### [RECORDED DATA]
────────

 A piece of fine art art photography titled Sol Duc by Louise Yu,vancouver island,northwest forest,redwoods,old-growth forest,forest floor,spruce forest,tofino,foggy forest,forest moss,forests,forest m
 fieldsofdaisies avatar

────────

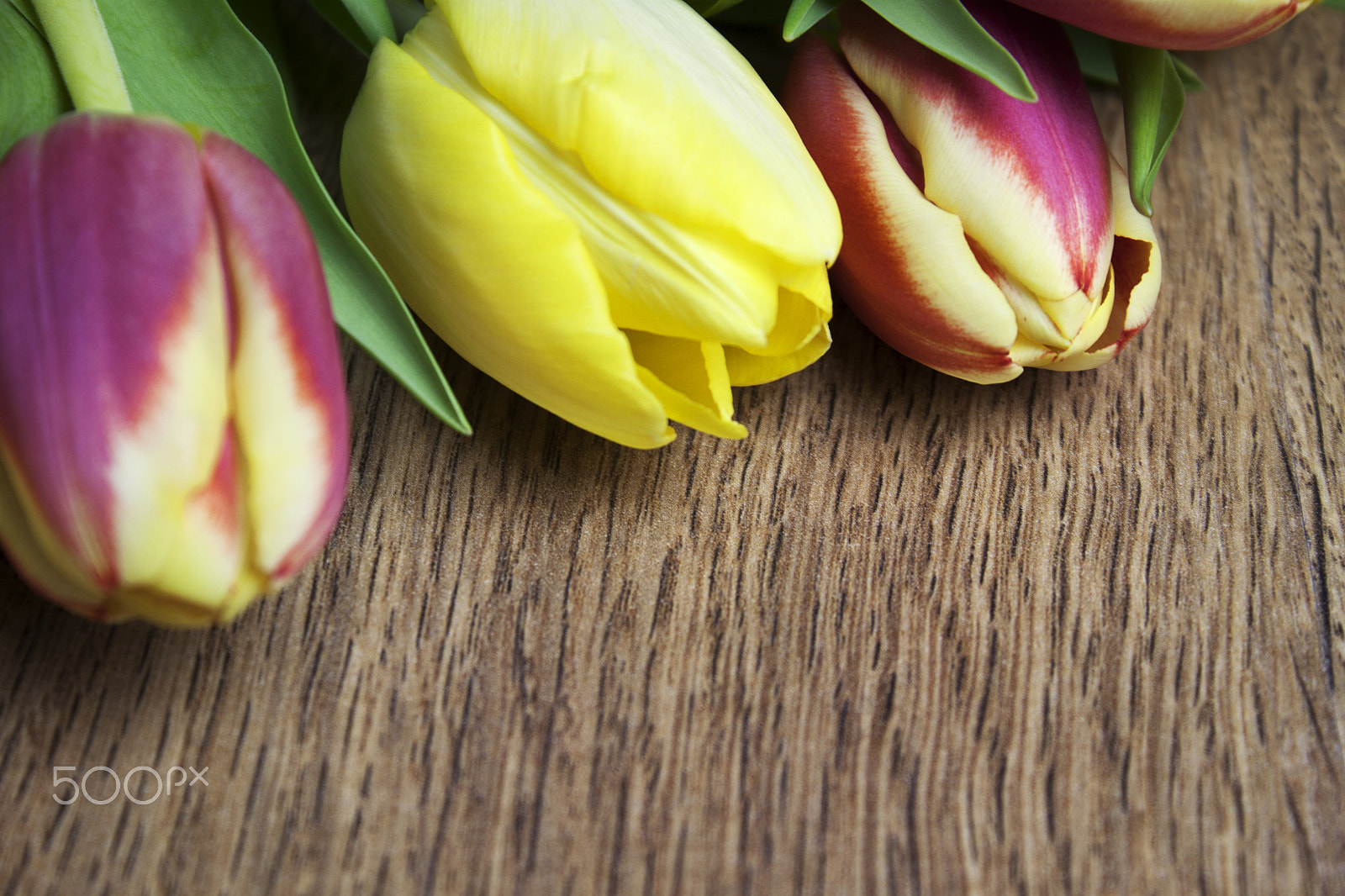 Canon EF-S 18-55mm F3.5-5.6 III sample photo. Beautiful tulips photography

────────

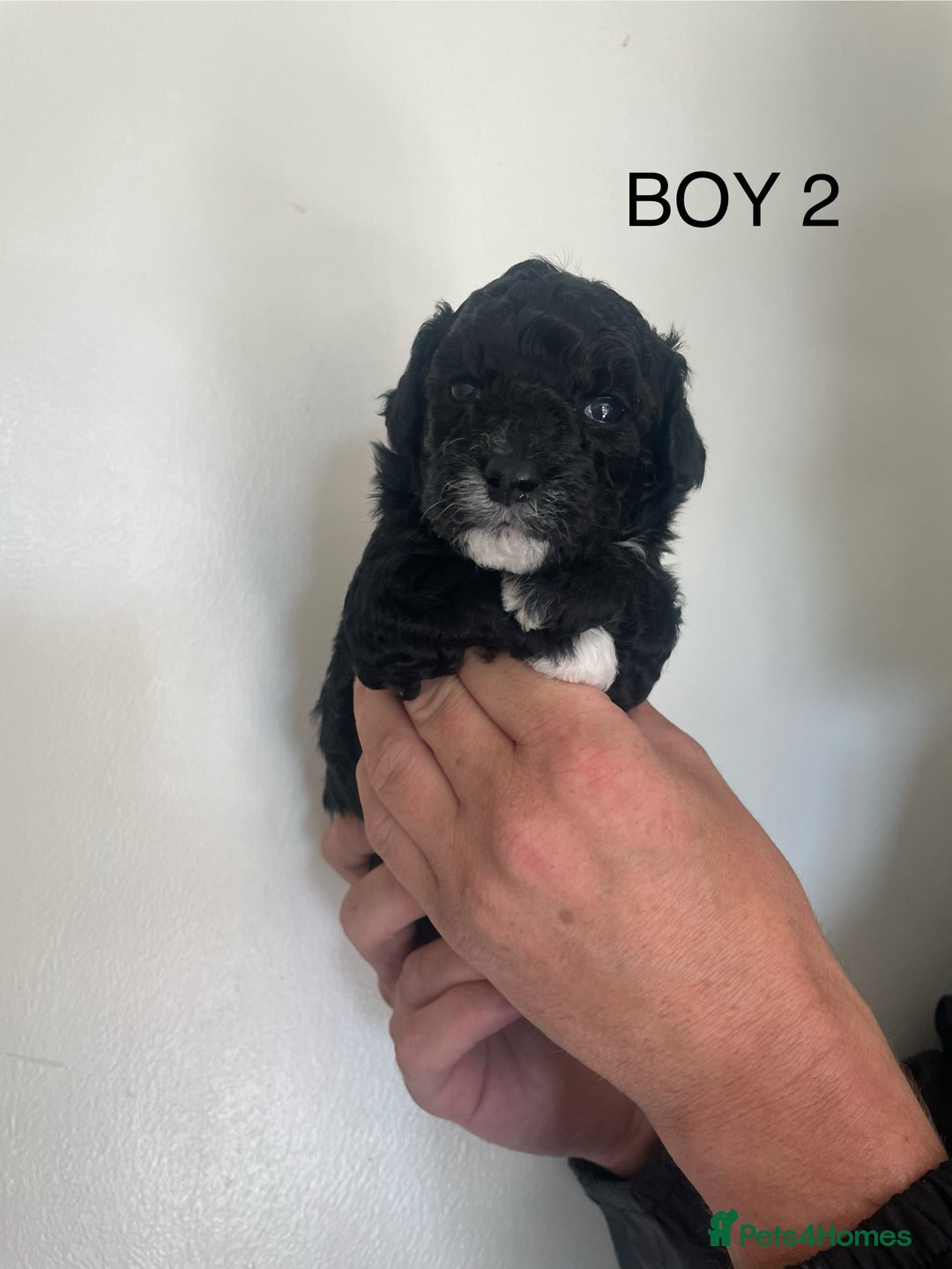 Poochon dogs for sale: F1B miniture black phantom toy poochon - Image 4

────────

### [WHAT IS REQUIRED]
Look above for the line with "A piece of fine"; retype exactly that line, every line after it up to the line with "fieldsofdaisies avatar", and that line too, nothing else.

### [YOUR RESPONSE]
 A piece of fine art art photography titled Sol Duc by Louise Yu,vancouver island,northwest forest,redwoods,old-growth forest,forest floor,spruce forest,tofino,foggy forest,forest moss,forests,forest m
 fieldsofdaisies avatar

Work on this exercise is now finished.